1 and 3 Alma Place and 17 High Street, Laurencekirk is a Grade C listed building in the Aberdeenshire local planning authority area, Scotland. First listed on 4 October 1996. Tenement. 1 related planning application.
1 and 3 Alma Place and 17 High Street, Laurencekirk
- WRENN ID
- frozen-doorway-sage
- Grade
- C
- Local Planning Authority
- Aberdeenshire
- Country
- Scotland
- Date first listed
- 4 October 1996
- Type
- Tenement
- Source
- Historic Environment Scotland listing
Description
1 and 3 Alma Place and 17 High Street, Laurencekirk
This corner tenement was built in the early 19th century, probably around 1820. It is a two-storey and attic building of six bays with a shop at ground floor level and a distinctive bowed corner. The structure is constructed from squared, coursed sandstone blocks with cherry-caulking and polished ashlar margins and quoins. A band course runs above the ground floor and an eaves course marks the wallhead. The bowed corner is topped with a decorative pediment.
On the southwest elevation facing Alma Place, a pair of four-panelled timber entrance doors with bipartite fanlights and pilastered surrounds provides access. A gable breaks the wallhead with a small window in the apex and a chimney stack above. Two polygonal-roofed, canted dormer windows flank this gable. The bowed corner features a replacement uPVC and glazed entrance door with fanlight above, flanked by slightly larger ground floor windows than those elsewhere. The entrance and its flanking windows have cornices supported on console brackets. A decorative metal bracket for shop signage projects above the entrance.

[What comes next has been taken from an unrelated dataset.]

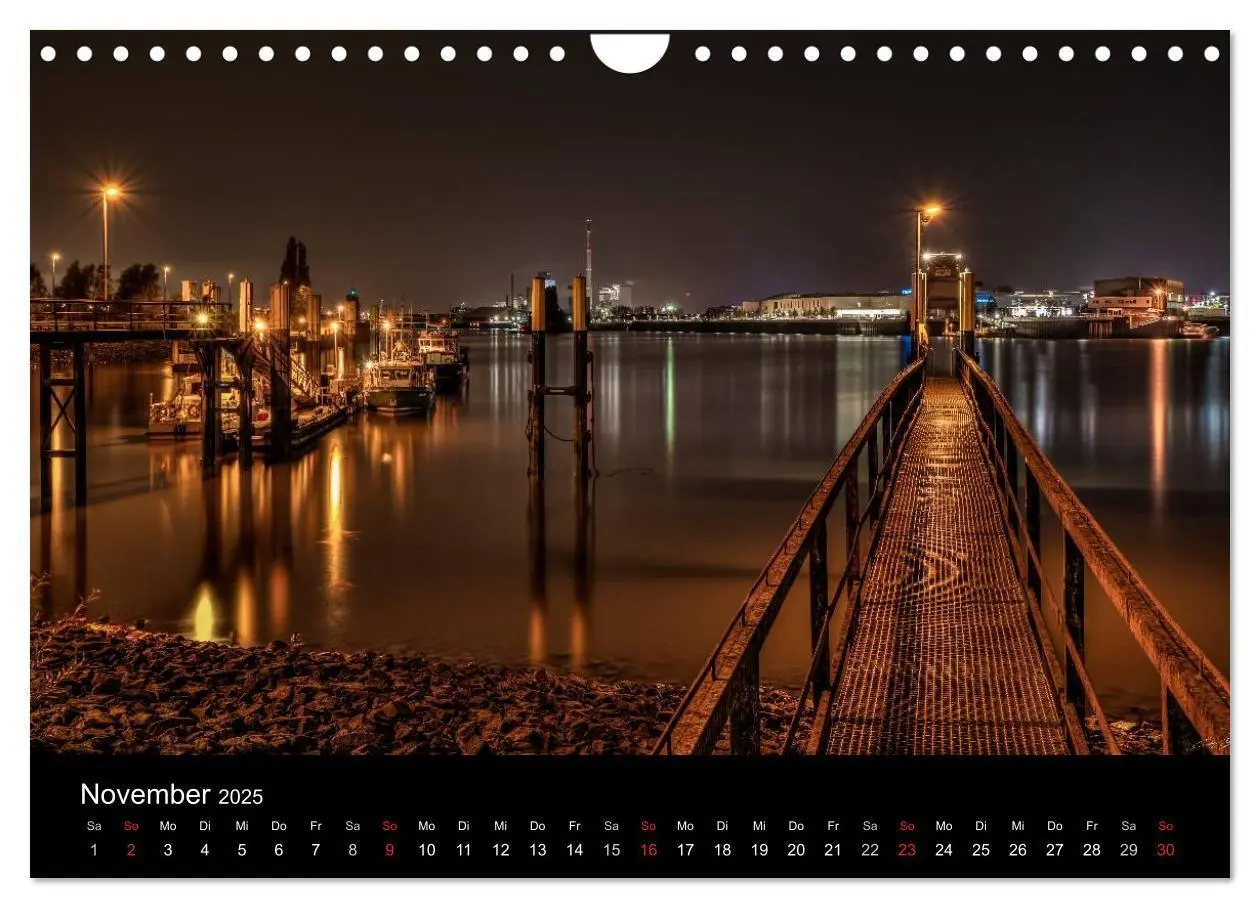 Bild: 9783435740505 | Bremen bei Nacht (Wandkalender 2025 DIN A4 quer), CALVENDO...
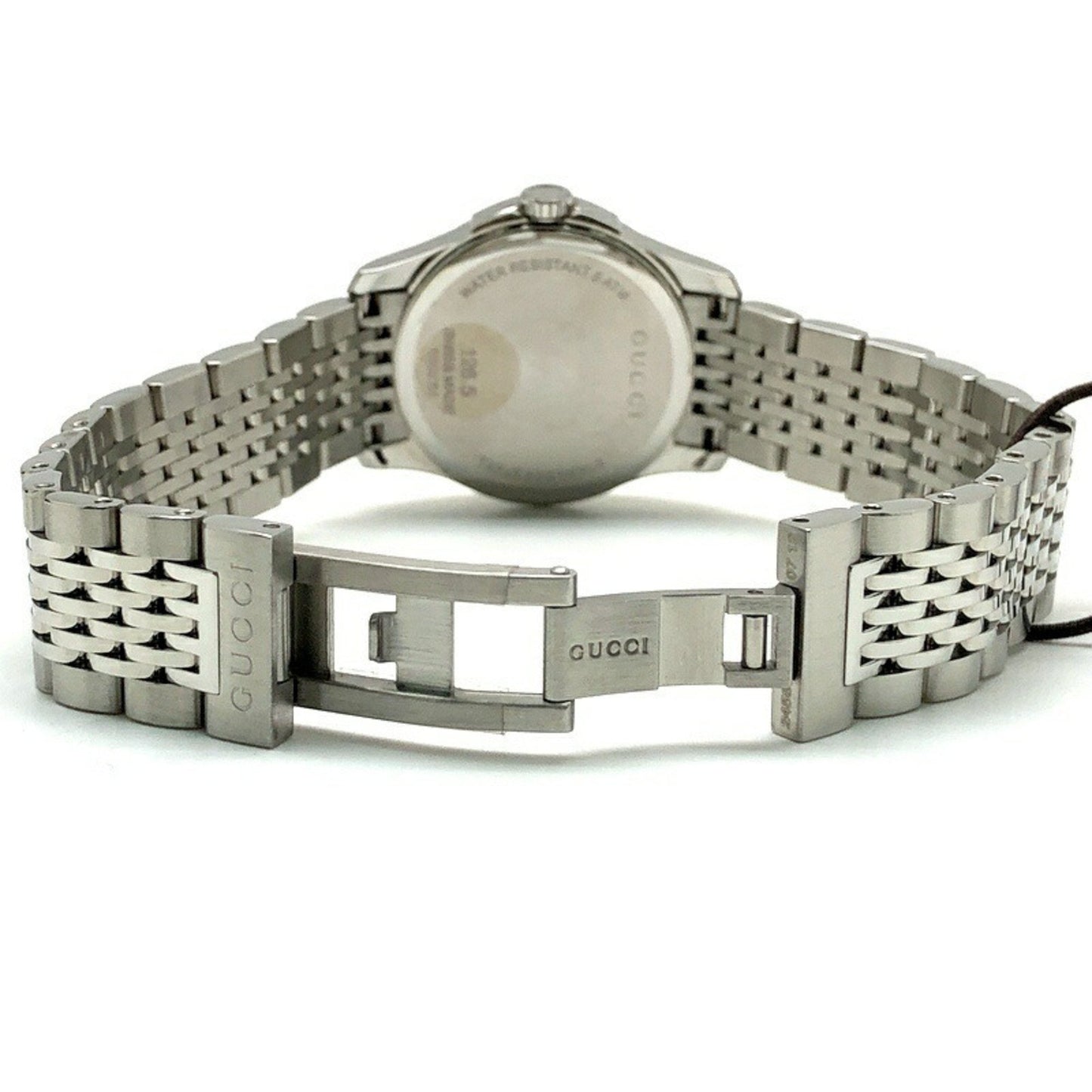 Gucci G Timeless Quartz 126.5 Stainless Steel Battery-Operated Women'S Watch With Date Display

The glazing is mixed in pattern and material. Ground floor windows are plate glass in timber frames. First floor windows have a 12-pane glazing pattern in timber sash and case frames. The piended roof is slated with straight ashlar skews and block skewputts. Two tapered chimney stacks rise from the roof. Cast iron guttering runs around the building.
The interior contains 19th century decorative features including timber panelled doors with moulded architraves, a timber staircase with decorative cast iron balusters, plain and moulded cornicing, and ceiling roses. Timber window shutters are fitted to the first floor windows. The interior of 17 High Street has a decorative cornice.
The village of Laurencekirk was laid out on a linear plan in 1765 and became a burgh of barony in 1779. Buildings along the High Street were among the town's earliest structures. A building at the corner of High Street and what is now Alma Place appears on James Robertson's topographical map of 1822 and John Thomson's map of 1832. This property is shown in detail on the 1st Edition Ordnance Survey map (surveyed 1864, published 1894), and its footprint has remained substantially unchanged since then.
During the 19th century, the ground floor corner unit at 17 High Street operated as a chemist's dispensary shop from at least 1878 onwards and continued as a chemist through most of the 20th century until around the 1980s. The property at 1 Alma Place was used as accommodation attached to the chemist's business. 3 Alma Place served at one time as a chemist store. Since around 2010, 17 High Street has been used as an office. 1 Alma Place comprises a flat occupying the first floor and attic. 3 Alma Place was most recently a ground floor retail space and remains unoccupied.